* _TASK GOAL_
Quote the whole listing word for word. Do not include the pictures.

* _INPUT MATERIAL_
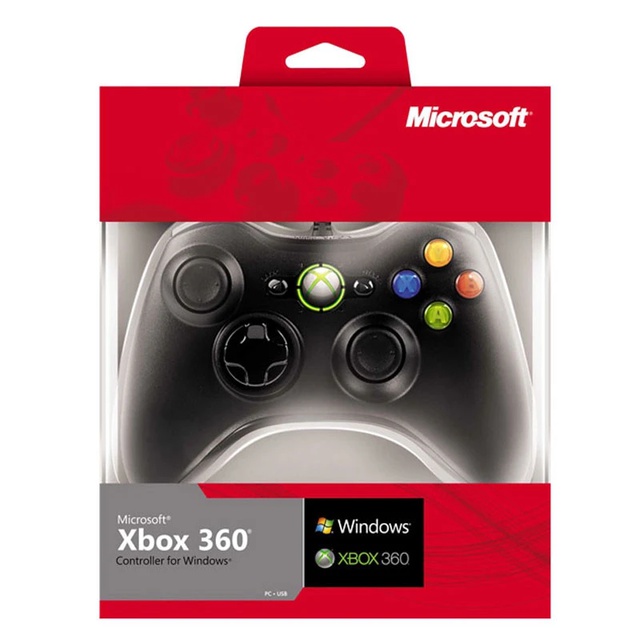 ภาพหน้าปกสินค้าMicrosoft Xbox 360 Controller for Windows & XBox 360 - มีสาย ใช้กับcomputer จากร้าน idkgame บน Shopee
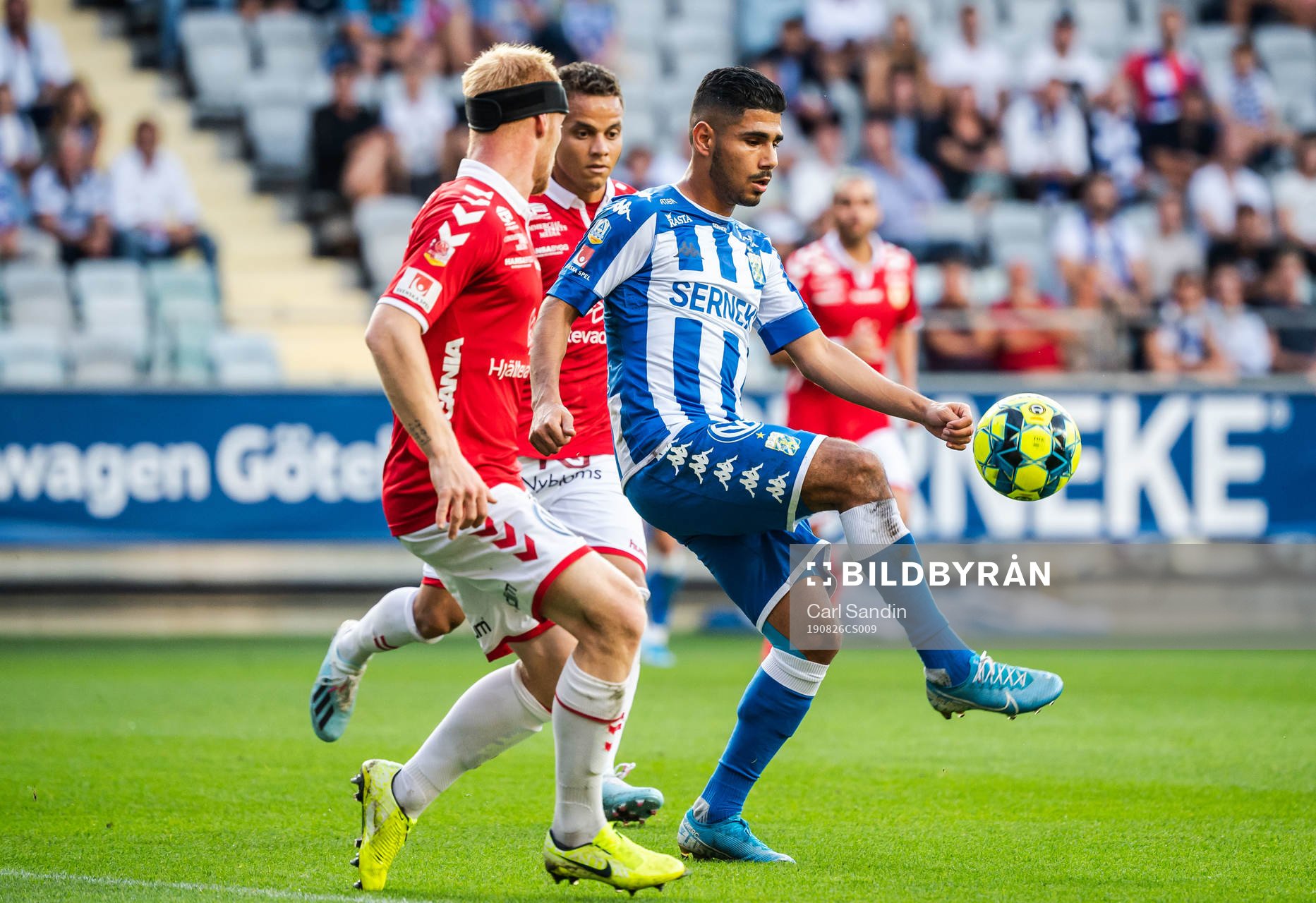 IFK Göteborgs Hosam Aiesh
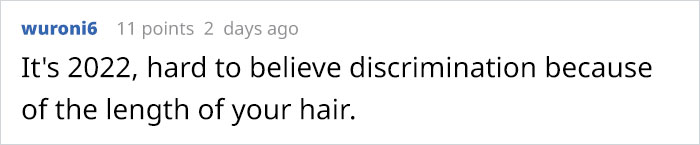 Delusional Boss Fires A High-Achieving Worker After He Refused To Cut His Hair Short For Work Delusional Boss Fires A High-Achieving Worker After He Refused To Cut His Hair Short For Work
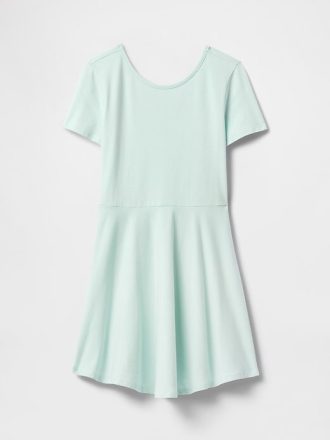 Vestido de malha infantil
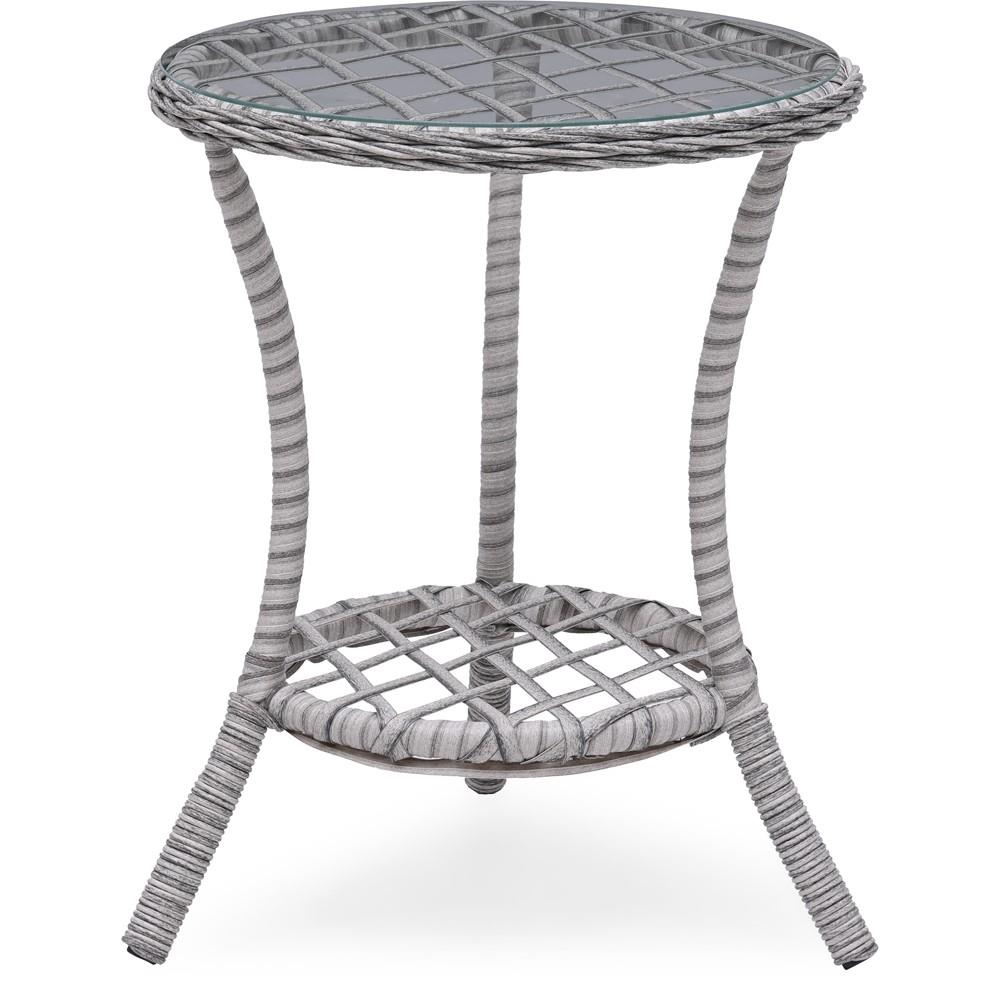 Grassgarden Defne 1+1 Alüminyum Üzeri Örgü Rattan Bahçe Balkon Mobilyası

* _RESULT_
 ภาพหน้าปกสินค้าMicrosoft Xbox 360 Controller for Windows & XBox 360 - มีสาย ใช้กับcomputer จากร้าน idkgame บน Shopee
 IFK Göteborgs Hosam Aiesh
 Delusional Boss Fires A High-Achieving Worker After He Refused To Cut His Hair Short For Work Delusional Boss Fires A High-Achieving Worker After He Refused To Cut His Hair Short For Work
 Vestido de malha infantil
 Grassgarden Defne 1+1 Alüminyum Üzeri Örgü Rattan Bahçe Balkon Mobilyası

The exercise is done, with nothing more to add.